# Happy Birthday 728



## Evanedward (Mar 17, 2011)

My 728 turned 41 this year. I got it in 1984 from the local dealer with the mower deck,snowblower and tiller for 700.00 . It mowed my yard,blew snow and tilled the garden for five years until I bought a larger garden tractor. Just liked it so much I could not part with the little guy. These days it is retired to just some tilling. Even thou I now have bigger and more modern tractors I still love to get on and dig some dirt. For his birthday he got new top seal,new points and condenser,new spark plug and some new front tires. And he's running real happy.


----------



## Hoodoo Valley (Nov 14, 2006)

Looks to be in very nice shape!

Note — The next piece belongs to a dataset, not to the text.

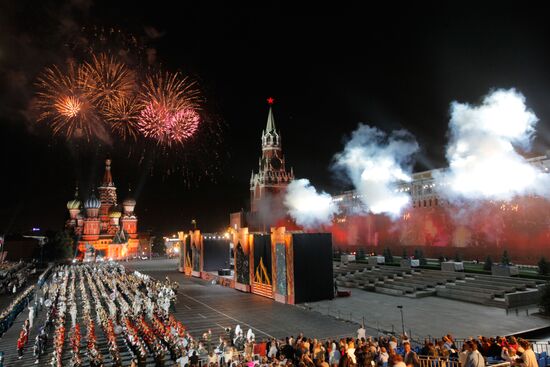 "Spasskaya Tower" Military Music Festival opening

What are your plans for the birthday surprise?


----------



## farmertim (Dec 1, 2010)

Will he share the Birthday Cake? i reckon he could eat a whole one on his own!!!!


----------



## Thomas (Nov 1, 2006)

Wishing you many..many more season 728.

Would 728 be woman,for she looks darn nice for her age.


----------



## mikeywalsh (Dec 5, 2011)

*howdy*

hello im mikey walsh, i live in wisconsin, and i farm with my dad. i have a simplicity 738 8hp, i have recently seized the engine on accident and so i have upgraded the engine to a kohler 13 hp engine, i had some prblems at first with the belt being to tight cause the crankshaft is a little farther back so i have to get a bigger belt. but i wanted to ask yall.. was this a bad thing to do??? i think it might make wear and tear on the transmission. i am also going to do some costomization just for fun lol and that includes changing the muffler to a straight pipe, i mostly use this tractor for the strawberry patch amd garden tillage, thank you


----------